Conventional conundrums abound in regards to the timing of states’ presidential primaries this election cycle. In Florida, state Democrats are trying to hold an earlier primary, but doing so violates party laws. The Democratic National Committee leadership is threatening to disallow Florida delegates from attending its 2008 nominating convention unless they obey the scheduling rules. This means Florida primary voters’ ballots might not contribute to the selection of the Democratic presidential candidate. On the other side of the political aisle, the New York Times reported that the Republican Party is threatening to take away half of the delegates of five states for the same reason. Infighting among national and state parties is on the rise. All signs are pointing to a showdown.
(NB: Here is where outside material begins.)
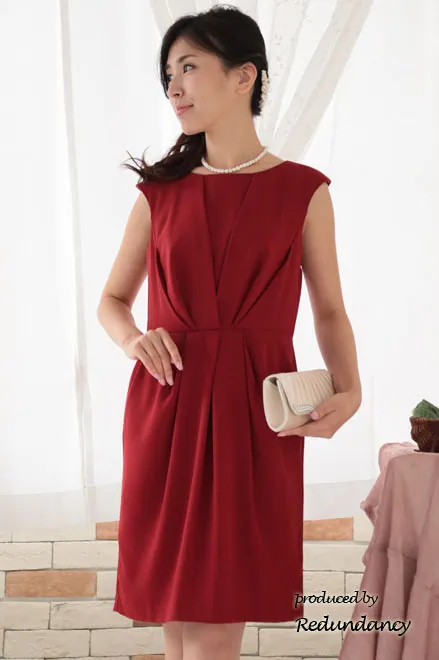 レッドのウエストタックコクーンドレス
Although parties often seem reluctant to pay attention to voter concerns, this is one occasion that merits their attention to ballot-casting members. The old conflict in the parties’ pre-1972 years used to be whether each state primary should have received any attention at all. At the time, they were a mere symbolic measure of voter preference while the major decisions were made in smoky back room deals. Protests in 1968 brought the old way of doing things down, and established state primaries and caucuses as the proper method of selecting presidential nominees. Despite modern American society’s comparatively mellow nature, cautious organizations, such as political parties, would be wise to learn well the lessons of history.

Another point of historical interest was a time when not only primaries were being debated, but the concept of democracy itself was also under fire. That was the time of British Prime Minister Winston Churchill and World War II. When democracy was relatively new, but was simultaneously the post-World War I status quo in Europe and America, it found itself under threat from the likes of fascism and communism.
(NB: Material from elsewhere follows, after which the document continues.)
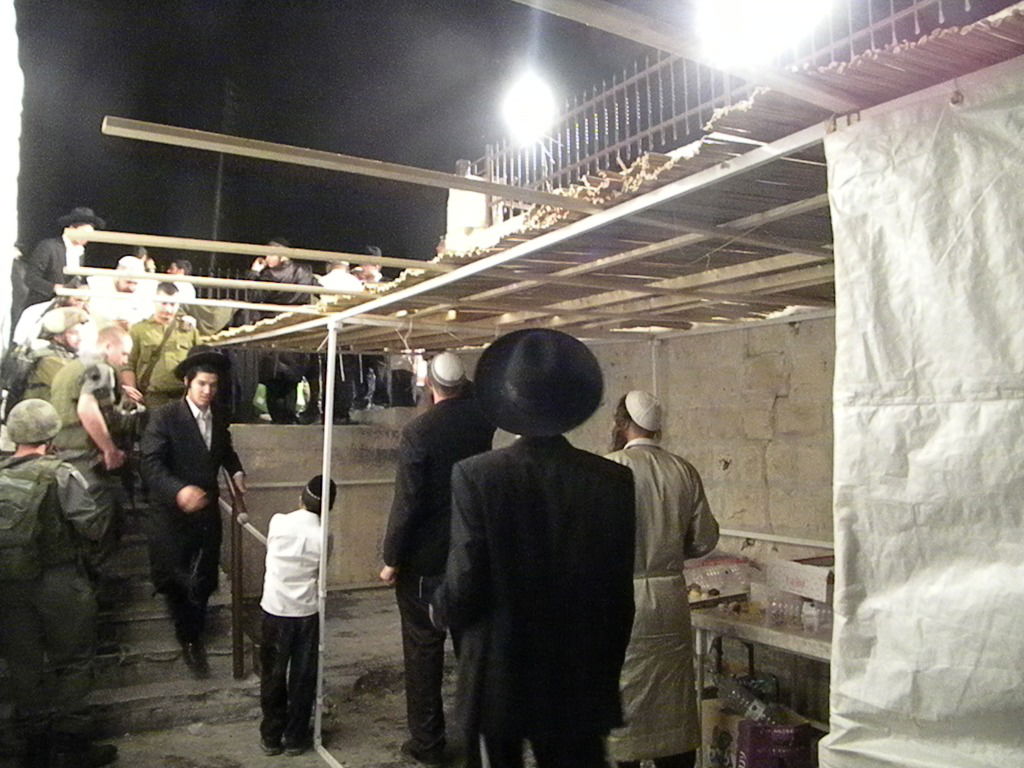 תיעוד לילי: תפילה בקבר יוסף המשופץ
That is precisely the time when one of good ole’ Winnie’s many great quotes came in quite handy: “Democracy is the worst form of government except all those other forms that have been tried.” It was a wonderful phrase indeed, but with a little modification it would fit America’s current primary predicament quite nicely. Try this: The primary system in America is the worst system for selecting presidential nominees, except for all those other systems yet to be tried.

Since we, the voters, tend to end up having the final say in how political parties run themselves, it seems prudent that we too examine this spat of intraparty fighting closely. Because Iowa and New Hampshire’s “first-in-the nation” status is what’s causing state primary friction, many questions emerge.

Is it fair that Iowa and New Hampshire’s elections come first?

Should our method of nominating presidents change? Some say that the game of primary musical chairs will lead to a national primary. Is this healthy?

In a similar way that democratic fragility and inefficiency was lauded by tyrants and oppressors in Churchill’s time, the unduly large influence of Iowa and New Hampshire on our nation’s nominating process is despised by those not residing there. Although those that seek to challenge Iowa and New Hampshire’s first-in-the-nation status are not tyrants, they can still be just as mistaken in their reasoning. In reality, the media coverage given to the winner of those two state contests can easily be ignored by citizens from outside those states. In other words, voters in Anchorage have the courage and wherewithal to disagree with those from Des Moines, if they so choose.

The upside to having two small states kick off the election season is that they can serve to give a contender, who does not have the funding to mount a national campaign, the recognition he or she so desperately needs to be a viable candidate. In other words, Iowans and New Hampshireans give a dark horse a place to ride.

This is a valuable quality of our current nominative process that should not be so quickly stripped away by those claiming inefficiency and undue influence.

Despite its flaws, the status quo is correct. So, we citizens of the United States should not hesitate to show support for the worst option. That is, the worst option except for all of the others.